Nov. 1, 1759: Pembroke is created as a self-governing parish. Gov. Benning Wentworth names it after his English friend and political ally, the Earl of Pembroke.

Nov. 1, 1791: A New Hampshire law against “profane cursing and swearing” takes effect. Fines: 8 shillings for first offense, 16 for second convictions, 24 for subsequent penalties. If the convict can’t pay: public whippings of not more than 10 lashes.

Nov. 2, 1982: John H. Sununu is elected New Hampshire governor, defeating two-term incumbent Gov. Hugh Gallen.

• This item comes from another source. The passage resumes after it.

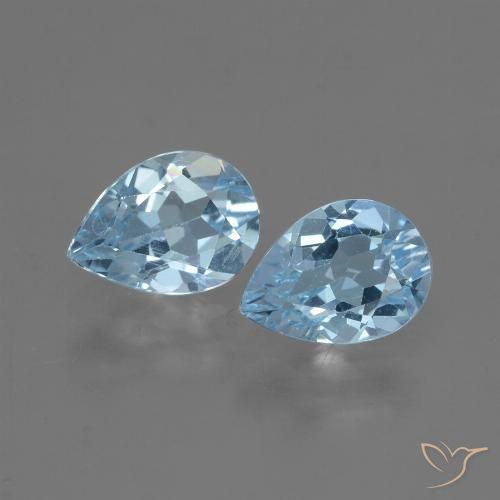 1.70ctw Natural Céu azul Topázio, Formato de pêra, VVS-VS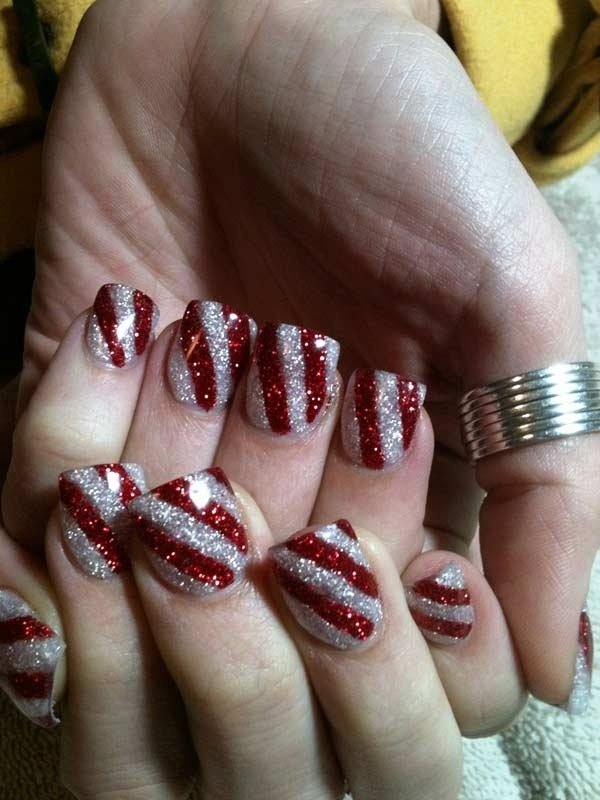 Nyårsafton Glitter Nail Art Bordeaux Metallic Winter Motif Strips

Nov. 2, 1996: Loudon dedicates a new playground, built by volunteers led by Dennis Jakubowski, an Eagle Scout candidate and Merrimack Valley senior.

Nov. 2, 1914: With Europe at war, the keel is laid for the first submarine to be constructed at the Portsmouth Navy Yard. Construction will take 3½ years.

Nov. 3, 2003: Seven candidates show up at the secretary of state’s office in Concord, marking the first day that presidential candidates are able to file papers to enter January’s primary. The only one whose name carries any cachet in Washington is Dick Gephardt, who makes a lunchtime appearance between campaign stops.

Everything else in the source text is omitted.